Salah satu terapi yang dapat memperlancar ASI adalah terapi

afirmatif positif. Terapi afirmasi positif adalah pernyataan atau ungkapan

positif yang ditujukan pada diri sendiri yang dapat mempengaruhi pikiran

seseorang. membantu pengembangan persepsi agar lebih positif terhadap

diri sendiri sehingga dapat merubah pikiran bawah sadar agar menolong

individu dalam mengubah pola pikir kearah yang lebih baik terhadap individu

(Kusumastuti, 2017 dalam Raudhatun, 2021). afirmasi positif itu sendiri

adalah memberikan informasi kepada pikiran sadar seseorang secara terus

menerus sehingga informasi tersebut akan tertanam dipikiran bawah sadar

(Martini, 2016 dalam Sakanun, 2020). Manfaat yang didapat dari afirmasi

positif antara lain membawa hal-hal positif dalam 3 kehidupan, sedangkan

pikiran-pikiran dan afirmasi negatif cenderung melemah dan berpotensi

menimbulkan kegagalan (Meriyanti, 2016 dalam Sakanun, 2020).

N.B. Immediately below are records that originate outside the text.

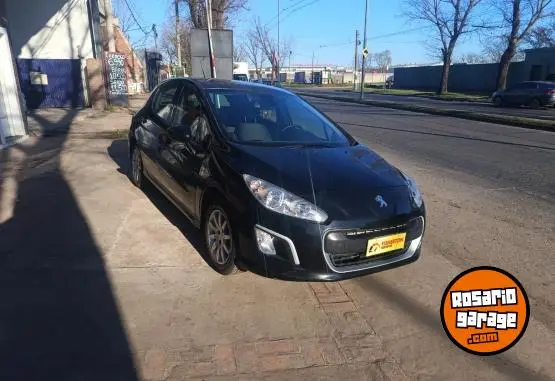 Peugeot 308 Allure Navegador Hdi  2013 - foto 5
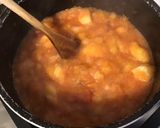 Une image de l'étape 6 de Compote de prunes et pommes du jardin au sucre de canne.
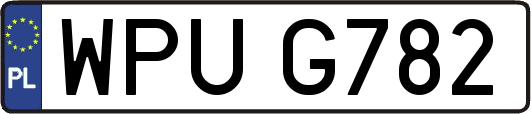 WPUG782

Kata-kata positif yang ditanamkan dalam pikiran ibu dapat

mempengaruhi kondisi fisik ibu sehingga mengakibatkan produksi hormon

oksitosin meningkat. Hormon oksitosin merupakan hormon yang dapat

memperlancar pengeluaran ASI. Kejadian tersebut mengakibatkan ASI yang

keluar banyak sehingga ibu dapat memenuhi kebutuhan ASI untuk bayinya.

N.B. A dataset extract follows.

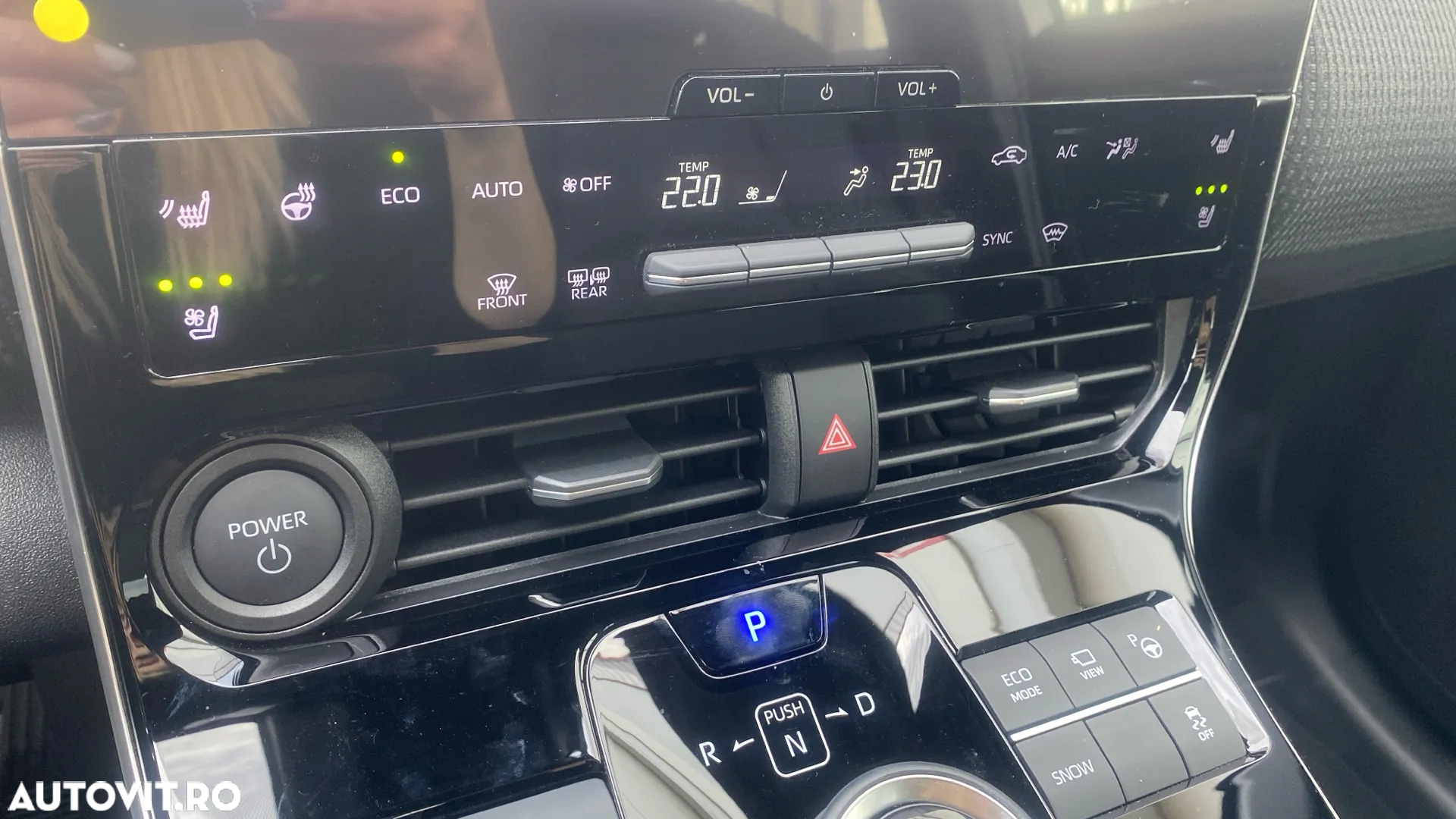 Toyota BZ4X 150 KW FWD (4x2) Luxury - 18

Hal inilah yang dapat meningkatkan kepercayaan diri ibu untuk dapat

memberikan ASI untuk bayinya (Lestariningsih,.dkk, 2020)

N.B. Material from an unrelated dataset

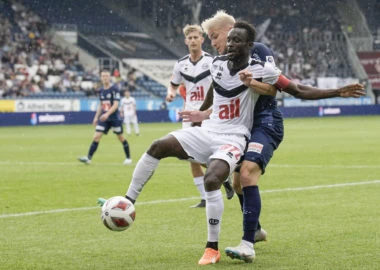 Squalificati Doumbia Steffen e Valenzuela 2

Oleh karena itu peneliti tertarik untuk meneliti tentang “Pengaruh

afirmasi positif terhadap produksi ASI pada ibu primipara Di Desa Kandang

Jati Kraksaan”.

1.2 Rumusan masalah

Melihat fenomena diatas, maka peneliti tertarik untuk meneliti “Adakah

Pengaruh afirmasi positif terhadap produksi ASI pada ibu primipara Di Desa

Kandang Jati Kraksaan ?”.

1.3 Tujuan

1.3.1 Tujuan Umum

Tujuan umum dari penelitian ini adalah untuk menganalisis

Pengaruh afirmasi positif terhadap produksi ASI pada ibu primipara Di

Desa Kandang Jati Kraksaan.

1.3.2 Tujuan Khusus

1. Mengidentifikasi produksi ASI pada ibu primipara Di Desa Kandang

Jati Kraksaan

2. Menganalisis pengaruh afirmasi positif terhadap kelancaran ASI pada

ibu primipara Di Desa Kandang Jati Kraksaan

1.4 Manfaat Penelitian

1.4.1 Bagi Institusi Pendidikan

Sebagai tambahan referensi dalam pengembangan penelitian

mengenai produksi ASI.


1.4.2 Bagi Ilmu Keperawatan

Sebagai data dan informasi yang berguna dalam kegiatan

perencanaan dibidang kesehatan khususnya terkait produksi ASI.

1.4.3 Bagi Lahan Penelitian

Data dan hasil yang diperoleh dapat dijadikan sumber informasi

dan masukan untuk mengoptimalkan program kesehatan dan pembuatan

kebijakan untuk mengatasi masalah produksi ASI.

1.4.4 Bagi Responden

Hasil penelitian dapat menambah informasi kepada masyarakat

sehingga bisa digunakan untuk meningkatkan gizi bayi.

1.4.5 Bagi Peneliti

Meningkatkan pengetahuan tentang manfaat afirmasi positif.